Cuando llegaron la adolescencia y la primera juventud, Amir vio desde la distancia del que no sabe muy bien de qué va el asunto, cómo algunos de sus compañeros y compañeras de clase se planteaban si se iban a confirmar, y eso les generaba un debate en el que Amir no entraba. Él, al que le enseñaban en casa cómo debe ser un buen musulmán, observó cómo su madre empezó a ponerse el pañuelo que nunca antes había decidido llevar, pero en esos momentos, a Amir le preocupaban las notas del colegio, la música que sonaba por la radio y cuántos días faltaban para el sábado.

Amir fue a la universidad, estudió una carrera de letras, se abrió a la investigación, y poco a poco, fue haciendo de su mundo un lugar lleno de ponencias, charlas y libros apilados en la mesilla. A medida que se iban acercando los veranos, Amir se agobiaba solo de pensar en las explicaciones que tenía que dar cada vez que en clase, o en los trabajos que iba enlazando para poder costearse la carrera, le preguntaban cómo es eso del mes de Ramadán. En aquella época, conoció a un grupo de amigos. Entres ellos, destacó para él una chica con la que pronto comenzó una relación. Y entonces, llegaron las primeras cuestiones.

Son tantos los condicionantes que pone la vida que sorprende que seamos las propias personas las que engrosemos la lista


Cuando la madre de Amir se enteró de que estaba saliendo con una chica, española y atea, lo llamó al orden y le explicó, como madre y como musulmana, que su ideal de vida no era ese. Que ella se había cruzado el Estrecho para dar a sus hijos una vida mejor, pero que su fin último era hacer de ellos unas buenas personas y unos buenos musulmanes y para ello, lo suyo era que Amir se fijara en las hijas de las familias amigas, en las chicas que veía en alguna reunión familiar, en una musulmana.
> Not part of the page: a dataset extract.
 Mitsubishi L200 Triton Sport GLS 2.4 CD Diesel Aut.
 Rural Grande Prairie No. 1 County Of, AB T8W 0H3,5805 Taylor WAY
Amir trató de explicar a su madre que que la chica era muy buena y sobre todo, que lo hacía feliz. Entonces, la madre miró al cielo y le dijo: "A mí no".

Diez años después, Amir llevaba casi el mismo tiempo viviendo con su novia cerca de la casa de su madre, quien seguía sin preguntarle por aquella chica, y fingía que su hijo vivía solo mientras metía raciones para dos en los tupper que le preparaba cuando Amir iba de visita. Nunca llevó a su novia a casa. Y su novia entendió desde el primer momento cómo era la situación, que él tenía una religión que ella no compartía y que eso pertenecía a su vida íntima.
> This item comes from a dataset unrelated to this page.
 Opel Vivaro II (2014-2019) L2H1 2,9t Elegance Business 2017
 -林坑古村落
En un verano muy caluroso, Amir se preguntó a si mismo si era necesario no beber agua para pasar un día al sol, aunque luego pudiera desahogar sus necesidades desde el atardecer y hasta el alba. Aquel Ramadán fue la clave. Tenía casi treinta años y enseguida empezaron a llegar noticias desde diferentes partes del mundo hablando de un Islam que Amir no reconocía. En nombre de su dios. En nombre de un dios que no le permitía vivir tranquilo con su amor, en nombre de ese mismo dios que lo juzgaba a él, en nombre de un dios al que ya rezaba preguntándose si no sería todo algo heredado, como los niños de su clase que hacían la Comunión. Él había incorporado a su vida una religión que lo estaba limitando, o al menos, que no le permitía vivir liberado, porque la vida que Amir lleva, normal para un chico de su edad, no es la que su religión considera buena para él.

La lucha interna que vivió en su cabeza fue tal, que a día de hoy sigue pensando cómo decírselo a su madre. Cómo llegar donde esa mujer y explicarle que ya no. Que ya no va a seguir sintiéndose culpable, que ya no va a seguir practicando algo en lo que ya no cree. Que su dios es suyo, y tratará con él de la manera que él quiera. Que el hijo que viene en camino podrá decidir, que no va a ser circuncidado como él nada más nacer y que podrá ser quien elija algo tan personal como en quién creer.

La madre de Amir sigue caminando sin mirar atrás, como el día que lo dejó en el colegio, porque si lo hace, si se da la vuelta, pensará que la culpa ha sido suya, por haber traído a sus hijos a España, y si se gira un poco más, podría incluso pensar que para ver 360 grados le sobra el pañuelo tanto como a los compañeros de sus hijos el credo recitado con seis años.